FIG. 3 shows specific knock-out of hey2 gene in endothelial cells.

(A) Schematic representation of hey2 in specific knockout endothelial cells. By adding pureKi (flk1-P2A-Cre) strains and hey2^zCKOISThe lines were mated and the Hey2 protein in the ECs of the resulting progeny was specifically disrupted. In non-ECs that do not express Cre, hey2^zCKOISIs not reversed, so that the Hey2 protein is normally expressed.

(B) RT-PCR assay Using cDNA detection hey2^zCKOISAnd hey2^zCKOIS-invThe transcription status of (1). The left channel is a band of 1.5kb of the target gene amplified by the primers F1 and R2, hey2^zCKOIS(ii) a Ki (flk1-P2A-Cre) and hey2^zCKOISEmbryos of the group were amplified, while embryos of the WT group were not. The middle channel, a 0.9kb band amplified by primers F1 and F2, is present only in hey2^zCKOIS(ii) a Ki (flk1-P2A-Cre) embryos. Right lane, RT-PCR controls using primers that bind to the hey2 coding sequence, with a 0.3kb band for each group.

(C) Hey2 days 3.5^{zCKOIS/zCKOIS}(ii) a Ki (flk1-P2A-Cre) confocal projection images (side view) of trunk vessels in embryos. In DA and aISVs, the Cre-induced reversal of the components initiated hey2^zCKOISTagRFP expression, with little decrease in EGFP expression (indicated by arrows and dashed lines). Left apical is EGFP signal; apical right, overlapping signal (EGFP/TagRFP). The outline in the figure is an enlarged region. Cyan arrow, non-specific signal on skin.
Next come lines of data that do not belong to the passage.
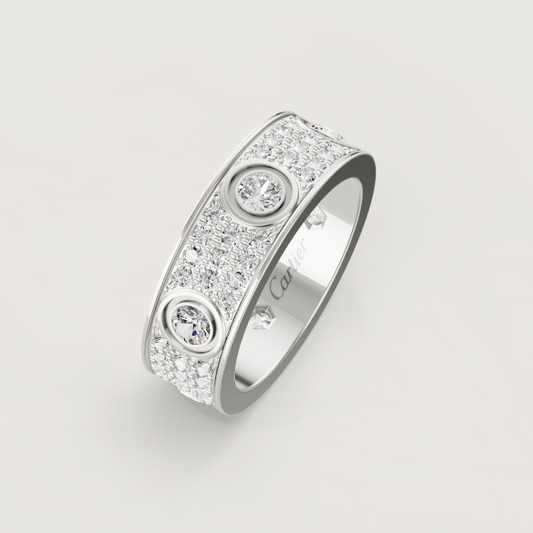 [Royal Top]LOVE RING 6.5MM Full Diamond, 6 Major Diamonds Silver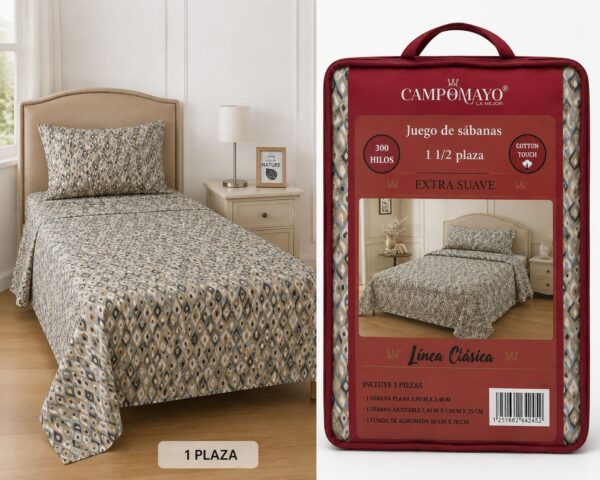 CAMPOMAYO  JUEGOS DE SABANAS ESTAMPADO 1 PLAZA Y MEDIA - Imagen 5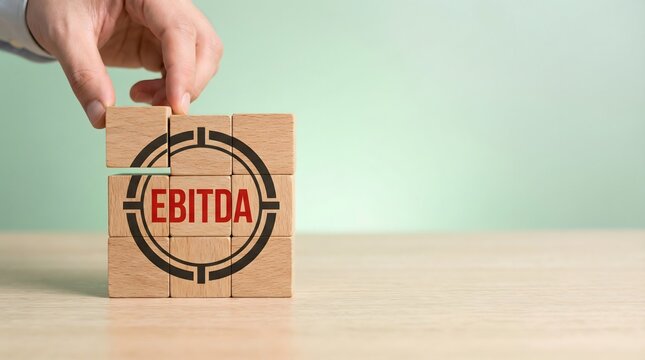 EBITDA business concept with wooden blocks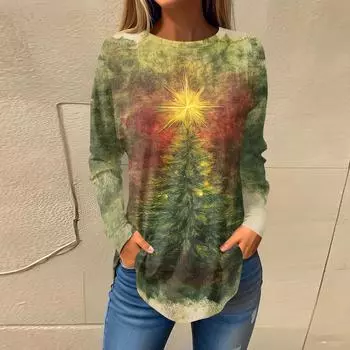 Футболки для женщин, осенние повседневные рубашки с длинным рукавом, толстовки с винтажным графическим принтом, топы, пуловеры, рождественские L армия зеленый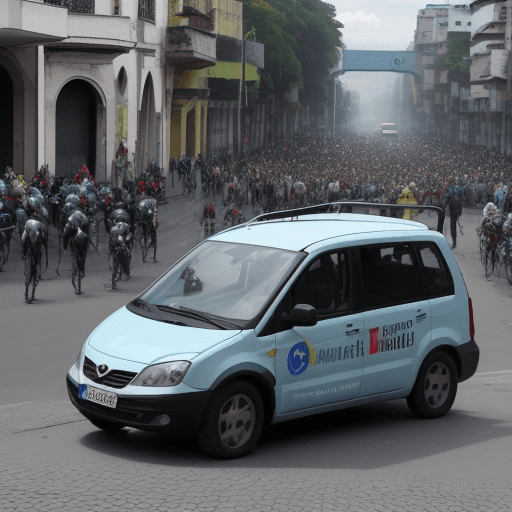AI generated: ein Bild als Handskizze mit einer Kombination aus Autos in Venezuela und antiken europäischen Städte...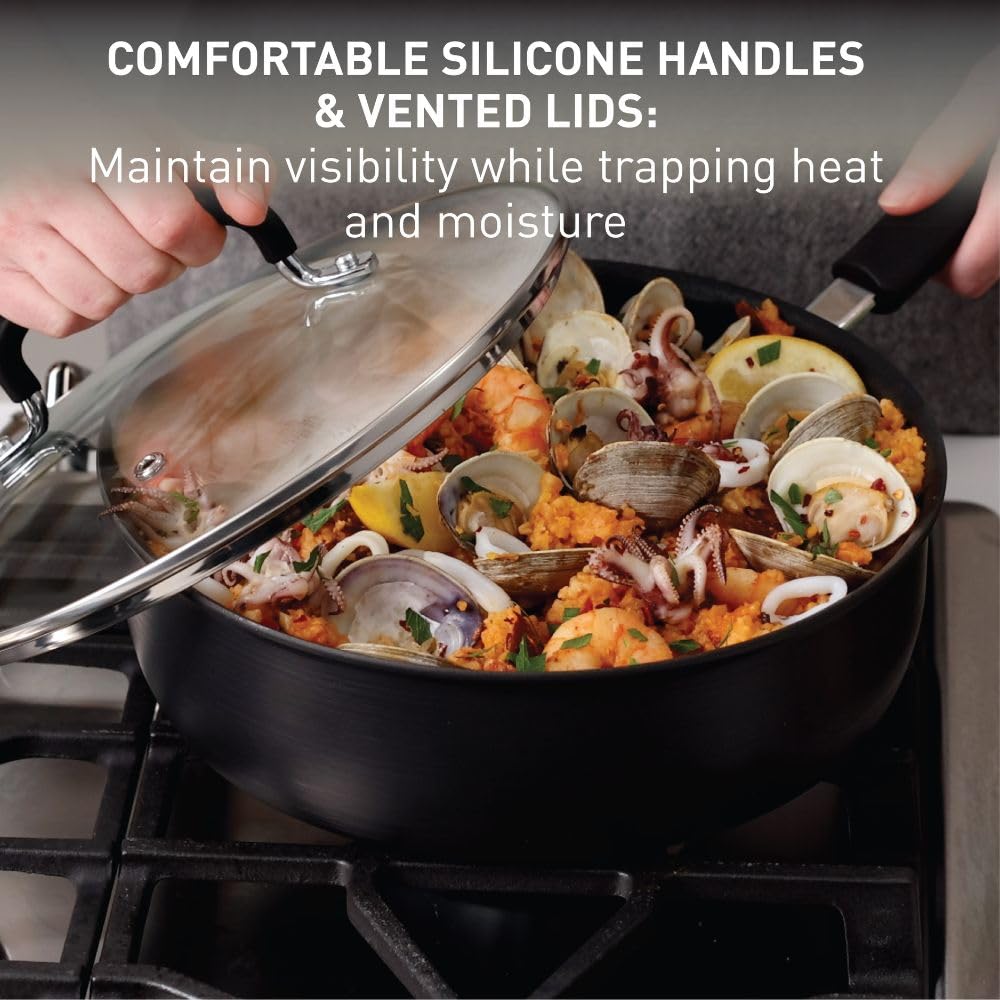 T-Fal Ultimate Hard Anodized Non Stick Jumbo Cooker With Lid & Helper Handle 5 Quart, Oven Broiler Safe 400F, Lid Safe 350F, Cookware, Deep Frying Pan, Skillet, Pots and Pans, Dishwasher Safe, Onyx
Scale bar: 100 μm.

(D) In embryos with different genetic backgrounds, a normal proportion of tail circulation was shown. The numbers in the figure are the total number of embryos from different groups at 3.5 days.

FIG. 4 shows sequencing of fish line hey2^zCKOISGenomic and transcriptional analysis. (A) Pair hey2^zCKOISThe knock-in strain F1 generation was sequenced 5' to the Donor plasmid integration site. PAM and sgRNA target sequences are shown in green and red, respectively. At integration hey2^zCKOISThe intron near the sgRNA target region of the Donor plasmid had a deletion of 894bp bases. (B) hey2^zCKOISThe transcribed cDNA sequence showed that EGFP was directly linked in-frame to exon5 of hey 2.

FIG. 5 shows sequencing of fish line hey2^zCKOIS-invGenomic and transcriptional analysis. (A) To pairhey2^zCKOIS ^-invThe knock-in strain F1 generation was sequenced 5' to the Donor plasmid integration site. PAM and sgRNA target sequences are shown in green and red, respectively. Intron near sgRNA target region hey2^zCKOISThe same 894bp deletion was present in the lines. (B) hey2^zCKOIS-invThe transcribed cDNA sequence showed that TagRFP was linked to exon4 of hey 2.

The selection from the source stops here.